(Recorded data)

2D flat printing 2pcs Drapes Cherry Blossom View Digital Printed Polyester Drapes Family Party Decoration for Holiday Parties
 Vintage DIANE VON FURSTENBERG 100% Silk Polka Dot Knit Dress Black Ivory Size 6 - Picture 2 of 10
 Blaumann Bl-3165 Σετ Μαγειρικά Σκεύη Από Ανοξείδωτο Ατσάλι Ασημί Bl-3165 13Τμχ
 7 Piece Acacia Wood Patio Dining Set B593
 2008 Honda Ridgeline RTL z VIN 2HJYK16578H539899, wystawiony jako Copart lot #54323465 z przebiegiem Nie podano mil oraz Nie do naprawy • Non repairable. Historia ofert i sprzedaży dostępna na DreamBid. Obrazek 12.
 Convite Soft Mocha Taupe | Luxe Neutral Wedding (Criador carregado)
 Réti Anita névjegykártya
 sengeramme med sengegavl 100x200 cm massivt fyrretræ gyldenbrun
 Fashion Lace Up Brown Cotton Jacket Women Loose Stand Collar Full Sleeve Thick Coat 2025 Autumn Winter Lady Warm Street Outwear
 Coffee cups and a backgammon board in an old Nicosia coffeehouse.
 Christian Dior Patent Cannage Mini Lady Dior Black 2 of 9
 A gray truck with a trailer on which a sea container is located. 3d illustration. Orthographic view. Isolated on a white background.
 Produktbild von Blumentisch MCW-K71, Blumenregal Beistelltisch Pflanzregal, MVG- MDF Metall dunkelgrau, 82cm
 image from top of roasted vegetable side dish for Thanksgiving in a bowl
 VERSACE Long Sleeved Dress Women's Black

* [What you have to do]: All that is wanted is an exact copy of the lines above from the one with "7 Piece Acacia Wood Patio Dining Set B593" through the one with "Réti Anita névjegykártya", with both ends included.

* [Your response]:
 7 Piece Acacia Wood Patio Dining Set B593
 2008 Honda Ridgeline RTL z VIN 2HJYK16578H539899, wystawiony jako Copart lot #54323465 z przebiegiem Nie podano mil oraz Nie do naprawy • Non repairable. Historia ofert i sprzedaży dostępna na DreamBid. Obrazek 12.
 Convite Soft Mocha Taupe | Luxe Neutral Wedding (Criador carregado)
 Réti Anita névjegykártya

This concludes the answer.